2. Description of the Prior Art
The functions of the reactor internals of a nuclear reactor include support of the core components, such as the fuel assemblies, guidance of reactor coolant flow, and support of core monitoring apparatus. Most of the supported load is transmitted through the wall of the massive core barrel which surrounds the reactor core. Between the core barrel and the core is typically a baffle-and-former arrangement, also supported by the core barrel, which guides coolant flow through the core and provides an annulus that shields the core barrel wall from excessive irradiation. Typically, the baffle plates closely surround the core outer periphery so as to minimize bypass flow, which bypass flow would otherwise lower the thermal efficiency of the reactor. Because of the baffle plates proximity to the core, they experience a high temperature or high heat generation load.
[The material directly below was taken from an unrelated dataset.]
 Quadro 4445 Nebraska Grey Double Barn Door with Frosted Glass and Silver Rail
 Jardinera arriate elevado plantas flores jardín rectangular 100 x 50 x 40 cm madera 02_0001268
This results in a thermal gradient and high mechanical loads in the baffles, formers, core barrel, and the fastening means affixing these components.
Also, the barrel, which must transmit the massive load of the lower internals and fuel assemblies, is a thick structure, typically greater than 2 inches across the barrel wall. The baffle, which is not a similar load supporting structure, is thinner, typically about one inch thick. The formers which support the baffle are typically about 1.4 inch thick, and are affixed to both the baffle, which experiences a relatively high fluid temperature, and the barrel which experiences a relatively low fluid temperature. The actual temperature of these components may also vary during a fuel operating cycle such that the highest temperature component is different at different times in the operating life. The formers and the means which affix the formers to the other components, are therefore subject to a high thermal gradient. Further, the thermal expansion along the length of the relatively thick barrel compared to the thermal expansion of the relatively thin baffle results in a differential expansion that must be accommodated by the means which fasten these components. Over the 30 or 40 year design life of a nuclear plant, the thermal gradients and high mechanical loadings can weaken the fasteners potentially resulting in failure.
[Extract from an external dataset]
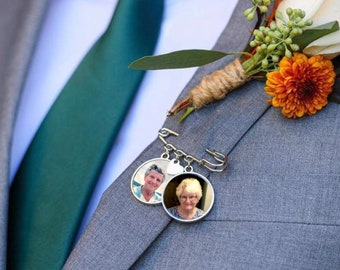 Boutonniere In Loving Memory Photo Lapel Pins For Wedding Ceremony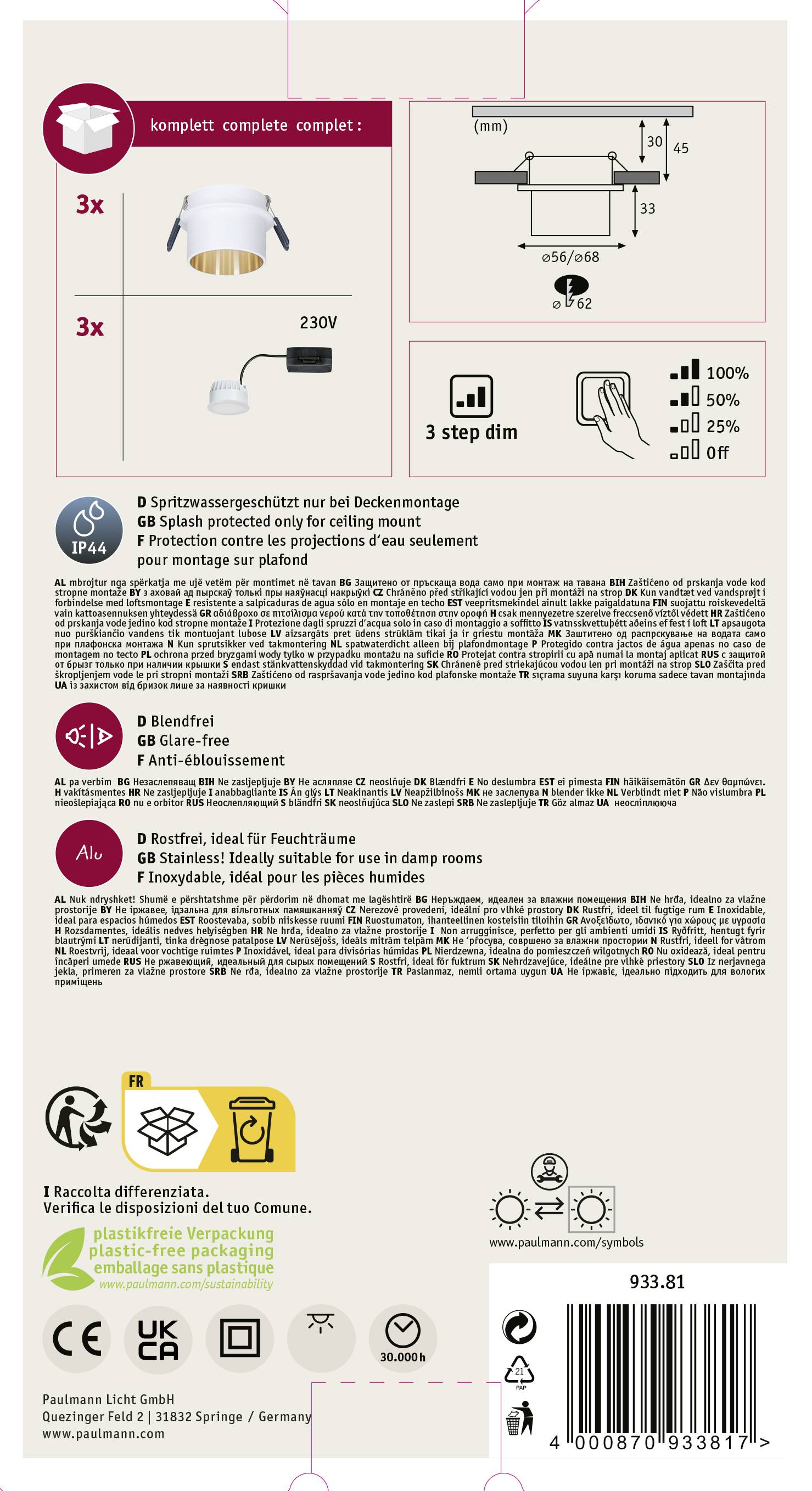 Paulmann 93381 LED-Einbauleuchte LED LED fest eingebaut 19.5W Weiß (matt), Gold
The means affixing the formers to the barrel and baffle have typically included a plurality of welds, or, more typically fasteners, such as bolts which are subject to high surface temperatures, which temperatures may rise above the saturation temperature of the coolant at its operating pressure. Some of these bolts penetrate the barrel wall from the outer periphery, and other bolts penetrate the baffle from the interior. From the foregoing discussion, it can be seen that these fasteners are subject to a high thermal load, and are also subject to thermally induced mechanical cyclic stresses. Because of the high mechanical loading, the body or shank of the fasteners is typically surrounded by an annulus within one of the components, such as the former. Early designs of fasteners were rather short bolts with relatively large shank diameters to minimize the thermal concerns. However, due to the large mechanical loadings, longer and thinner fasteners are now typically used. This, however, compounds the thermal concerns, as the fastener annulus is a barrier to heat transfer, resulting in additional heat loading of the fastener. Also, failure of such bolts has typically occurred at the junction of the head to the shank, where a rather abrupt cross-section transition occurs. Further, if coolant leaks into the annulus, it may boil due to the high fastener surface temperature in the annulus, thereby allowing chemical deposits to build up. The deposits will further decrease the heat transfer from the fasteners, resulting in even greater fastener temperatures, and greater potential for failure.
It is, therefore, desirable to provide a fastener and arrangement which will overcome these concerns of the prior art. Such an arrangement should continuously cool the fasteners during operation, so as to minimize induced thermal stresses. It should not allow boiling about the fastener surface. It further should not require excessive amounts of coolant bypass flow which would detract from the overall reactor thermal efficiency. And, it should not require significant modifications in the barrel, baffle, or formers, or add significant processes to the manufacturing of those components.